Brief
Transcribe all of the entries below exactly. Leave out the pictures.

(Short web captions)

********

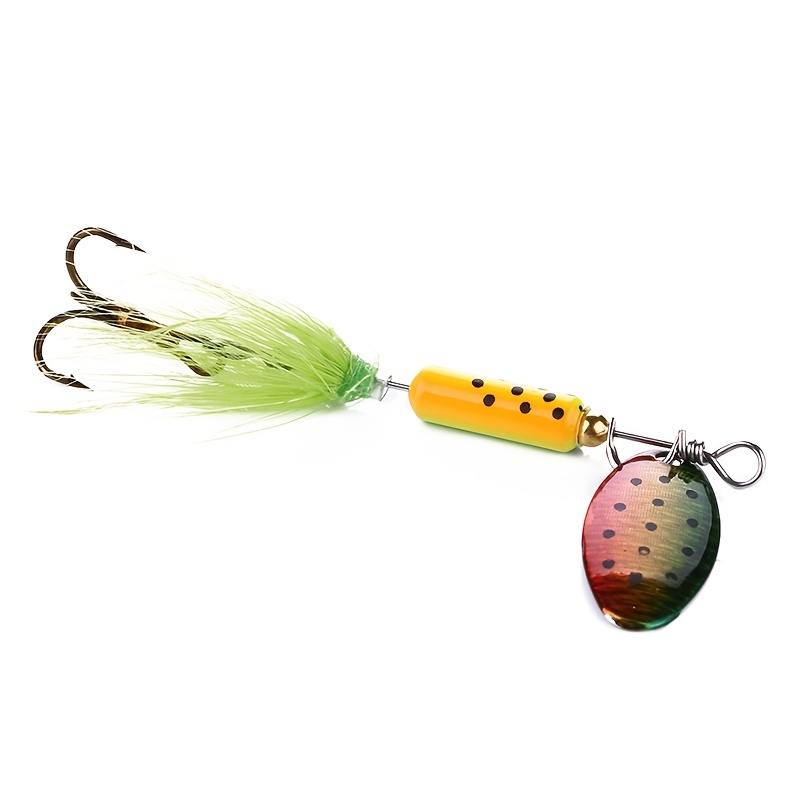 Rooster Tail Spinner Fishing Lure Jig Hook Bait Saltwater - Temu Philippines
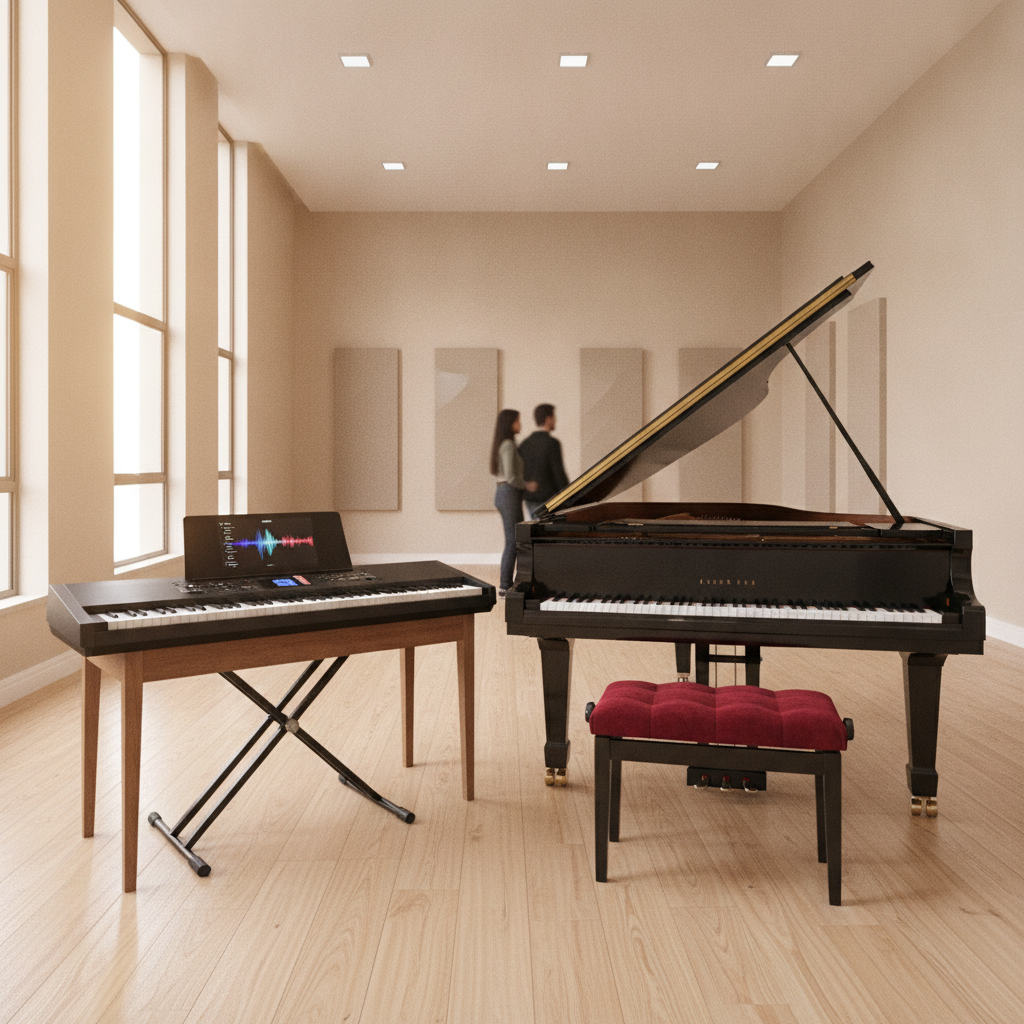 Teclado ou Piano em Goiânia: Qual a Diferença?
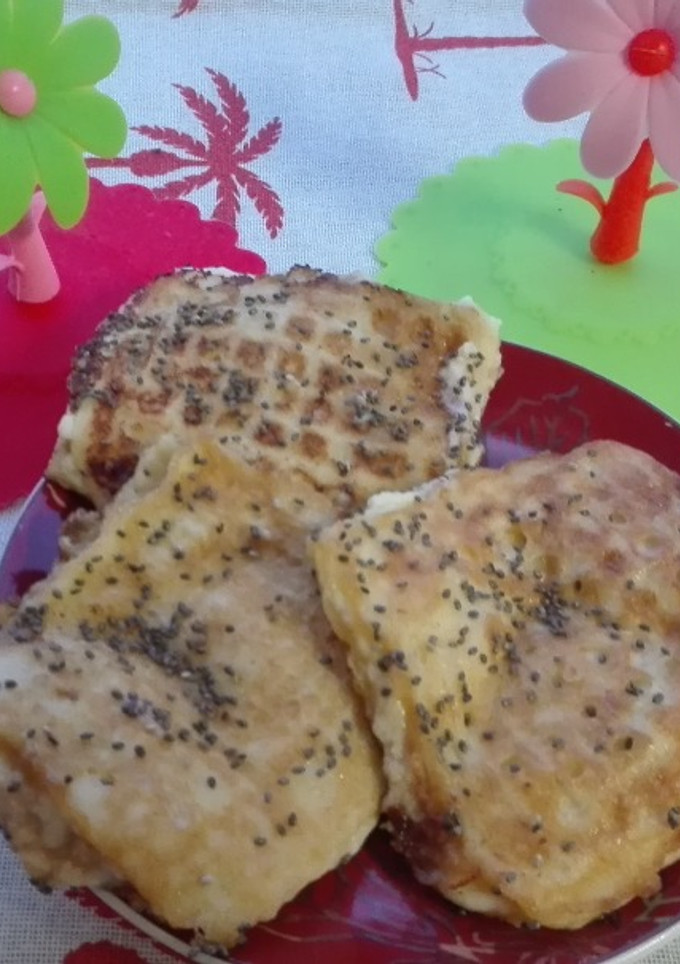 Una foto de Tortitas de obleas! Desayuno fácil!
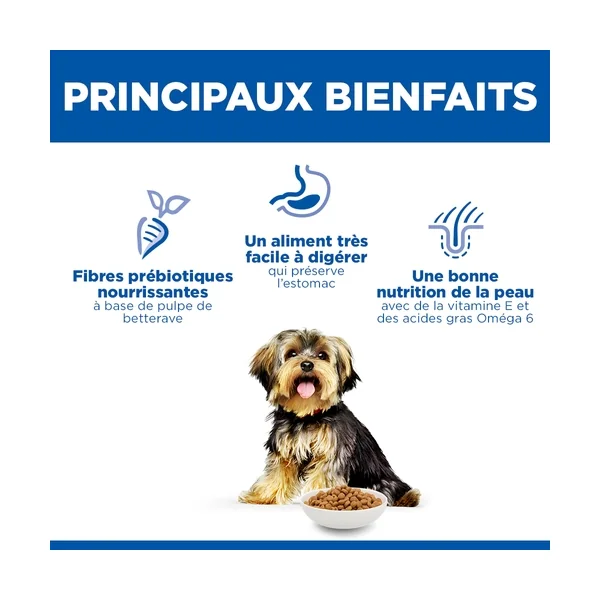 Hill's Science Plan Small & Mini - Sensitive Stomach & Skin Adult - Poulet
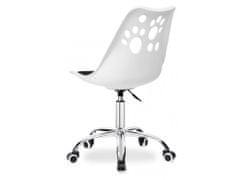 ShopJK Irodai szék - grover - fekete-fehér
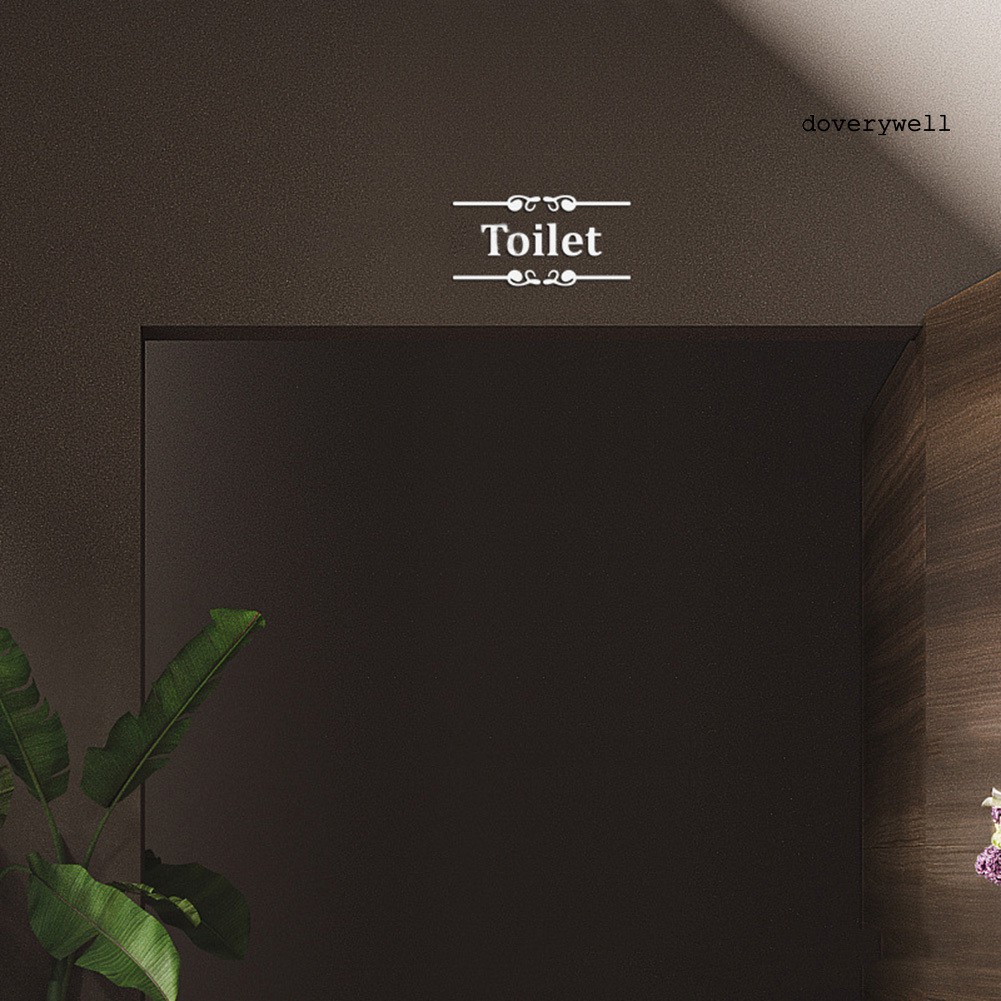 Miếng Dán Tường Trang Trí Phòng Tắm Hình 3d Độc Đáo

********

Response for this exercise
 Rooster Tail Spinner Fishing Lure Jig Hook Bait Saltwater - Temu Philippines
 Teclado ou Piano em Goiânia: Qual a Diferença?
 Una foto de Tortitas de obleas! Desayuno fácil!
 Hill's Science Plan Small & Mini - Sensitive Stomach & Skin Adult - Poulet
 ShopJK Irodai szék - grover - fekete-fehér
 Miếng Dán Tường Trang Trí Phòng Tắm Hình 3d Độc Đáo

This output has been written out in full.